Monday, October 27, 2008

More on the plummeting price of homes

The housing crisis has arrived for middle class New York.

The perception that New York largely dodged the housing bust bullet may be true in Manhattan, but in the working-class outer boroughs, house sales are falling faster than the Dow.

A look at housing sales in the city's two biggest boroughs, Brooklyn and Queens, shows sales of one-, two- and three-family homes - the backbone of city housing - fell off a cliff.

City's housing market hammered in fallout from woeful economy

In the crazy runup of housing prices, Richmond Hill's modest wood-frame homes, with their narrow driveways and tidy backyards, rose in value each year.

To some, it seemed like the good times might last forever. Within weeks of hitting the market, houses sold. Buyers bid up prices. By 2005, the market peaked with 949 sales, dropping only slightly in 2006, the year the foreclosure crisis first surfaced.

The first dose of reality came in 2007, when house sales fell from 938 to 665.
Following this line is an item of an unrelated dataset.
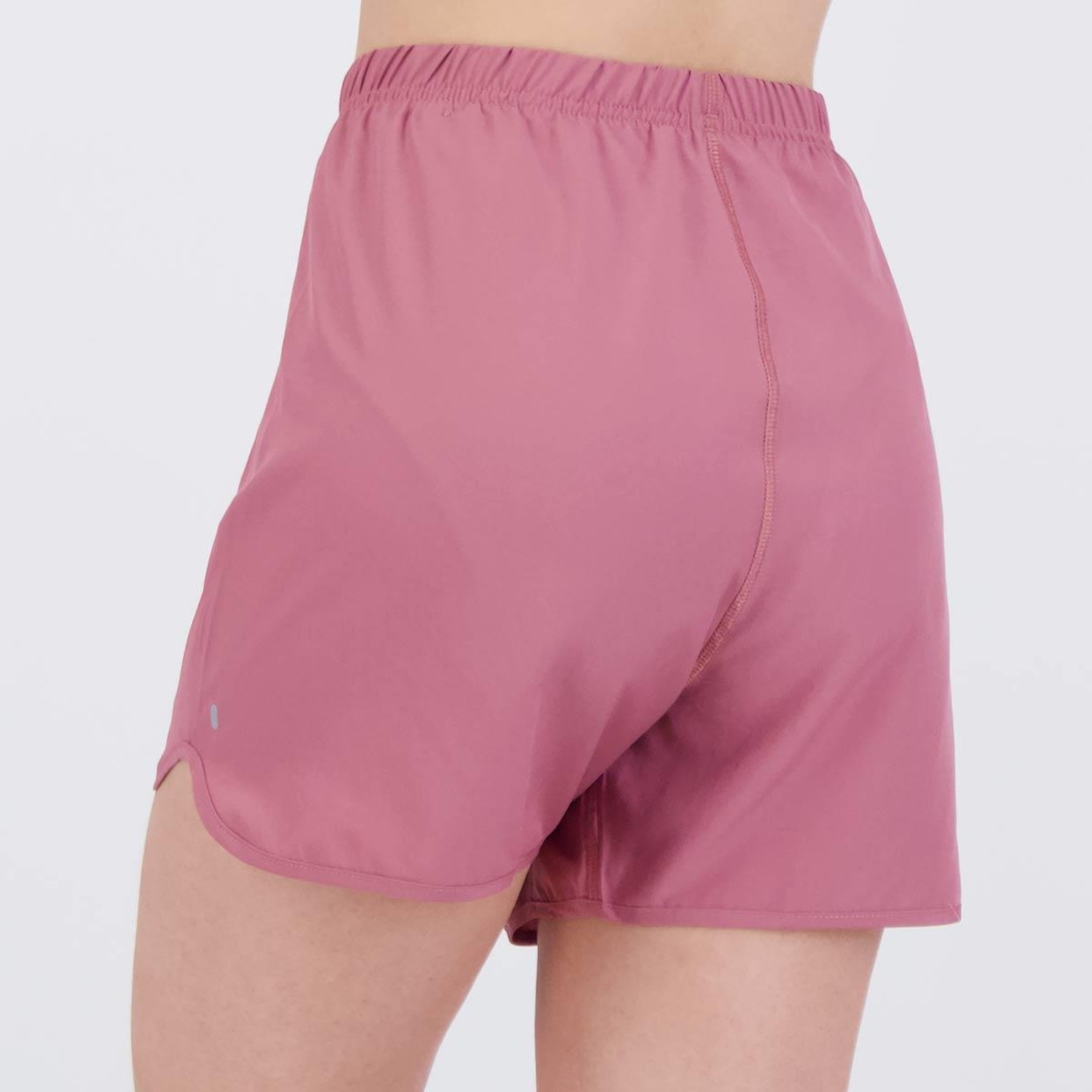 Shorts adidas Run It - Feminino - Foto 3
Last year came the real kick in the teeth - a near-total collapse to just 348 house sales - a sobering 63.3% drop in just four years.


Anonymous said...

Don't worry bout a thang! Mayor Bloomberg will be working for you a 3rd time to solve all the credit/housing crises - solution? Build and flood Willets Point with 5,000 apartments.

Anonymous said...

That's right!

Mayor Bloomberg will be kicking the middle class of NYC in the teeth for a third term unless those lawsuits that are in the planning stages declare his recent end run around democracy illegal!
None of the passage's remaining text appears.